No murder weapon was found after Mr Wallace was found dead by his father in a pool of his own blood at the Fisher Street flat in Tipton on November 11 last year. He had suffered 19 impact blows with a bladed weapon, believed to be a meat cleaver. And the only DNA of Arnold being at the flat was fingerprints on the back door. Given that the 21-year-old, of Slater Street, Tipton, was regularly seen at Mr Wallace's flat, this evidence was deemed insufficient to convict him.

It was the prosecution's case, put before the court by David Mason QC, that Arnold was under pressure from Mr Wallace and other drug dealers who he owed money to, and that he took the law into his own hands, ending Mr Wallace's life in a ferocious attack, leaving behind a bloodbath. Blood of the victim was even found on the ceiling.

Police at the scene after the discovery of Mr Wallace's body

But Arnold's barrister Jo Sidhu QC insisted that the defendant and Mr Wallace were friends through the drug scene, and that Arnold had been with his girlfriend, Penny Harper, babysitting for her sister's children, on the night of November 7, when Mr Wallace is believed to have died.

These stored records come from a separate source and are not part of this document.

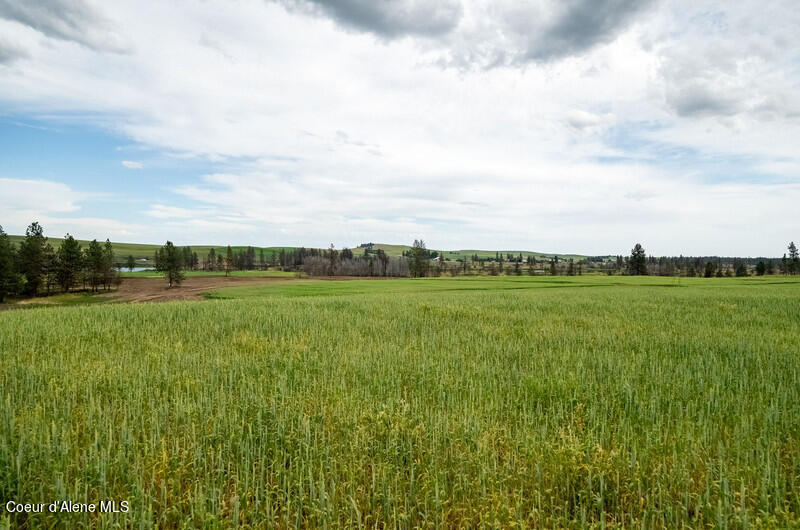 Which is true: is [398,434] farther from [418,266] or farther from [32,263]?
[418,266]

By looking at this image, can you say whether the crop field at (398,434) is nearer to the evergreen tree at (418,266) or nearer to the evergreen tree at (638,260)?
the evergreen tree at (418,266)

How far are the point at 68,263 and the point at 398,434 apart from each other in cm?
10386

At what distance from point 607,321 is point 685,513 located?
14926mm

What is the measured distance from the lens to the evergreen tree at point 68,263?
79.7m

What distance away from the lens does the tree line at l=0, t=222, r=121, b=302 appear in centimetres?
7044

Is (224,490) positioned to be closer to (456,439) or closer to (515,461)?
(456,439)

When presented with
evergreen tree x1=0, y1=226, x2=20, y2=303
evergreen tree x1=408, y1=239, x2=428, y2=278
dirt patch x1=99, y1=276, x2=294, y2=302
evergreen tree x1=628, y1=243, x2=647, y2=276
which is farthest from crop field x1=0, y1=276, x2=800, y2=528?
evergreen tree x1=628, y1=243, x2=647, y2=276

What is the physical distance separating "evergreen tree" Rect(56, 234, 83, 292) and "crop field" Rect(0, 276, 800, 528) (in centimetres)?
9113

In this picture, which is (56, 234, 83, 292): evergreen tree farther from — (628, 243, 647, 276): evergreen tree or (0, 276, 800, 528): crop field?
(628, 243, 647, 276): evergreen tree

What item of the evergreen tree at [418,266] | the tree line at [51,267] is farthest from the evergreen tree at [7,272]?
the evergreen tree at [418,266]

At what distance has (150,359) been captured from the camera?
30.2 ft

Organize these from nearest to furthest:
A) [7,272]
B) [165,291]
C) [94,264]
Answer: [7,272] → [165,291] → [94,264]

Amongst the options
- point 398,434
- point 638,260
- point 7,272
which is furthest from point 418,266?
point 398,434

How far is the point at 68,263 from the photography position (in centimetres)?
8012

Over the course of the trial, the court heard from the victim's father Balbinder Dhariwal, who told of his horror at finding his son face down on his living room floor on what would have been his 25th birthday. Sarah-Jane Nock, the sister of Arnold's girlfriend, gave evidence that he confessed to the killing. But her testimony was called into question as it emerged she was drunk on the night she claims it happened.

Arnold told how Mr Wallace was a 'nice guy' and that they had a good friendship, often smoking cannabis spliffs together.

Judge Martin Wall released Arnold and he was led away from the dock after the verdict.